(Given records begins)
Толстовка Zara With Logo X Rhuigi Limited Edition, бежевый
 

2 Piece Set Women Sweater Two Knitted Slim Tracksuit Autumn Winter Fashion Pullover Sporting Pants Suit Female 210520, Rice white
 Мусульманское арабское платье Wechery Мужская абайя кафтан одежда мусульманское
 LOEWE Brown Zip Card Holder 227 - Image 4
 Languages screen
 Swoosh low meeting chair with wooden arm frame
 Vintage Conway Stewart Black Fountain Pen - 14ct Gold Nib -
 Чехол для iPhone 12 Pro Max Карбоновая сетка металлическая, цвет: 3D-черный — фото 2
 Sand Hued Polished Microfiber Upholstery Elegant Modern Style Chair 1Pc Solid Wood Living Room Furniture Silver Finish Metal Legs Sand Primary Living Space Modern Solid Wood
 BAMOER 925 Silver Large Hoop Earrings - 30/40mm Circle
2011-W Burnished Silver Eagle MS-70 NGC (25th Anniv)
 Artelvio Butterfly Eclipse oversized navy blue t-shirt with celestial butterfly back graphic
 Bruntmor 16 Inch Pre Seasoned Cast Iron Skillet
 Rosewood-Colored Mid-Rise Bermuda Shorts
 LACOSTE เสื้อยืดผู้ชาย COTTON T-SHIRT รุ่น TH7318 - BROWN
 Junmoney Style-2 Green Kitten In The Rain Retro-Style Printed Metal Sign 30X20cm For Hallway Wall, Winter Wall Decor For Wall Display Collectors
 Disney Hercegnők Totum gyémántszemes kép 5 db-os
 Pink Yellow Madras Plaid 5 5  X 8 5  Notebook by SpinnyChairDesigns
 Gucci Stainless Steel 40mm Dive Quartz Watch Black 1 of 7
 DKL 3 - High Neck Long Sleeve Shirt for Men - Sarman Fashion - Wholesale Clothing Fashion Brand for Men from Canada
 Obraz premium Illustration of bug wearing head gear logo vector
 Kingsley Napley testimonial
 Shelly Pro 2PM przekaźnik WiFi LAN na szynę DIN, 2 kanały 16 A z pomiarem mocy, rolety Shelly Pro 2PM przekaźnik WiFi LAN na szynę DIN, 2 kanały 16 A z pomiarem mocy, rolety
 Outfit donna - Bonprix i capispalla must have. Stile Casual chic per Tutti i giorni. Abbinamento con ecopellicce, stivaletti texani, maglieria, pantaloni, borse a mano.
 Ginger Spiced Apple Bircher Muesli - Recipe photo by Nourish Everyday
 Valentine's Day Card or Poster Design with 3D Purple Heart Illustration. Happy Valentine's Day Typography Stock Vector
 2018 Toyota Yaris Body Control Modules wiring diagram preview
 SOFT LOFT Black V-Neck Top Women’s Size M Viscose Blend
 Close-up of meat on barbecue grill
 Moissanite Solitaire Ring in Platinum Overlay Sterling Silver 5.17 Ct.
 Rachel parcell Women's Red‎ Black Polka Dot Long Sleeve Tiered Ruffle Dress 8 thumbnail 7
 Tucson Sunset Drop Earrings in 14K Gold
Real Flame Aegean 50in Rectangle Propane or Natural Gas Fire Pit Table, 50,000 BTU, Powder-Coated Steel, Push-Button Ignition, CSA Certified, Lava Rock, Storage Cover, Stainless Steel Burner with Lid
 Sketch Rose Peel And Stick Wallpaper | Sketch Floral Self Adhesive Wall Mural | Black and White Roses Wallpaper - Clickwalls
(Given records ends)
Task objective. Starting at the line with "LOEWE Brown Zip Card Holder 227 - Image 4" and ending at the line with "mocy, rolety Shelly", print each line of the listing above exactly, with no other lines.

Reply to the task.
 LOEWE Brown Zip Card Holder 227 - Image 4
 Languages screen
 Swoosh low meeting chair with wooden arm frame
 Vintage Conway Stewart Black Fountain Pen - 14ct Gold Nib -
 Чехол для iPhone 12 Pro Max Карбоновая сетка металлическая, цвет: 3D-черный — фото 2
 Sand Hued Polished Microfiber Upholstery Elegant Modern Style Chair 1Pc Solid Wood Living Room Furniture Silver Finish Metal Legs Sand Primary Living Space Modern Solid Wood
 BAMOER 925 Silver Large Hoop Earrings - 30/40mm Circle
2011-W Burnished Silver Eagle MS-70 NGC (25th Anniv)
 Artelvio Butterfly Eclipse oversized navy blue t-shirt with celestial butterfly back graphic
 Bruntmor 16 Inch Pre Seasoned Cast Iron Skillet
 Rosewood-Colored Mid-Rise Bermuda Shorts
 LACOSTE เสื้อยืดผู้ชาย COTTON T-SHIRT รุ่น TH7318 - BROWN
 Junmoney Style-2 Green Kitten In The Rain Retro-Style Printed Metal Sign 30X20cm For Hallway Wall, Winter Wall Decor For Wall Display Collectors
 Disney Hercegnők Totum gyémántszemes kép 5 db-os
 Pink Yellow Madras Plaid 5 5  X 8 5  Notebook by SpinnyChairDesigns
 Gucci Stainless Steel 40mm Dive Quartz Watch Black 1 of 7
 DKL 3 - High Neck Long Sleeve Shirt for Men - Sarman Fashion - Wholesale Clothing Fashion Brand for Men from Canada
 Obraz premium Illustration of bug wearing head gear logo vector
 Kingsley Napley testimonial
 Shelly Pro 2PM przekaźnik WiFi LAN na szynę DIN, 2 kanały 16 A z pomiarem mocy, rolety Shelly Pro 2PM przekaźnik WiFi LAN na szynę DIN, 2 kanały 16 A z pomiarem mocy, rolety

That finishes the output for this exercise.